I was living in Venezuela when my daughter was diagnosed with type 1 diabetes when she was 4. She is now 7 and is very bright, full of energy and very positive. I haven’t had very good access to profesional help. The doctor I would visit was a days’ travel away so we would try to see him every 6 months. I have now moved to Curacao, a small island where there is only one children’s doctor with whom I have made an appointment.

I recently bought a Dexcom CGM and we try to keep her within the range of about 80 to 200 mg/dl [4.5 to 11.1 mmol/L]. My daughter is on injections. In the morning, we give her 15 units of Lantus. She also gets Humalog. She goes to school from 7 until 1:15. During this time, we don’t give her any insulin so sometimes she goes high. I have a nagging feeling I’m not doing enough. Should I be aiming for much tighter levels? When she is at school, should I find a way to give her insulin? At what point should we get a pump? It’s very hard when you are self funding the cost of the CGM and the Omnipod is like another mortgage. Am I doing the best job of looking after my daughter? Any advice would be greatly appreciated.

Answer:

From: DTeam Staff

It sounds like you are very well motivated and educated and doing a good job with your daughter having such a positive attitude. Understanding Diabetes by Dr. Peter Chase and Type 1 Diabetes in Children, Adolescents and Young Adults by Dr.
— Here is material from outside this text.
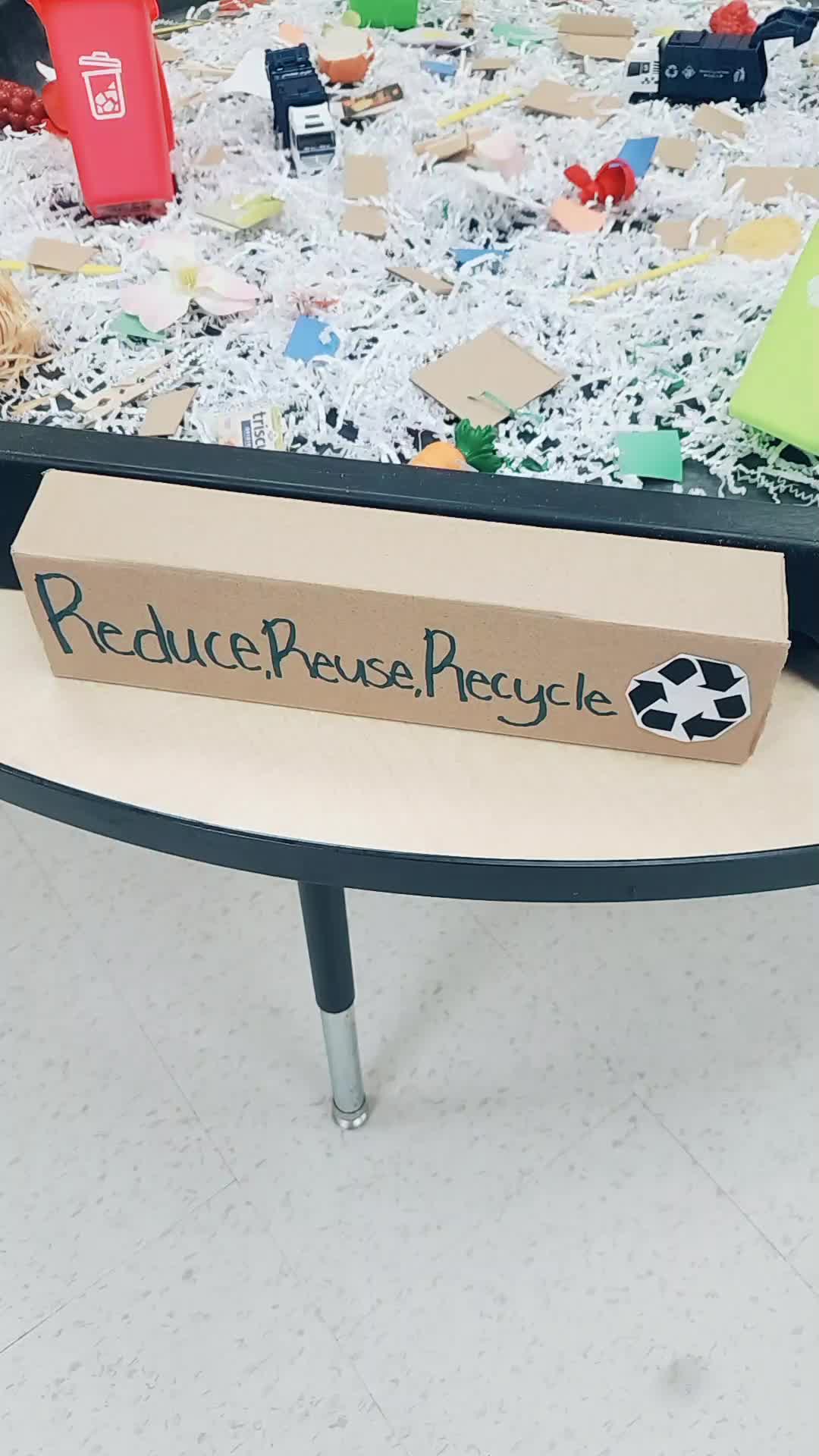 Reduce, reuse, recycle sensory bin | Creative ECE (@creative.ece)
Ragnar Hanas are the two best books to get and read as a parent since they are excellent, comprehensive and up-to-date about your options monitoring, insulin, multi-dose-insuln regimen, pumps and CGMS. Dr. Chase’s book is available online. You should be able to find Dr. Hanas’ book on Amazon.

Most of us would recommend Lantus twice-a-day and not just once-a-day with sufficient blood glucose monitoring to guide mealtime dosing. This depends on affordability and availability of blood glucose strips. Optimal would be before and about 2 hours afer meals and occasional middle-of-the-night monitoring. If you are using the Dexcom, this fills in those gaps but it is expensive without insurance to pay for the sensors.
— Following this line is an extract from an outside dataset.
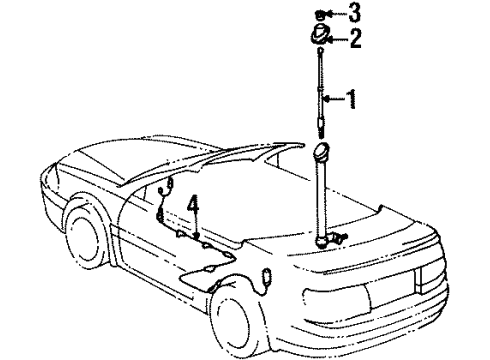 1997 Toyota Paseo Antenna Assy, W/Holder Diagram for 86300-16150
You should be able to do MDI treatment with 5 or 6 injections each day and get excellent results coupled with carbohydrate counting and analysis of blood glucose data so the extra expenses of an insulin pump are not automatically needed. If money were not the issue, or you had insurance to cover thse costs, the pump provides more flexibility, allows extended boluses with square or dual waves and the newest Medtronic pumps actually have sensors (Enlite) that communicate directly with the pump and provide automatic low glucose suspend if needed. DexCom sensors talk to some of the pumps but still do not communicate with any of the pumps although there are still rumors that this will occur. We wait to see the reality. You can go to the Medtronic website to get more current information.

Keep up the good work, use the blood glucose monitoring to learn how you are doing and maximize the benefits of MDI. Best of luck.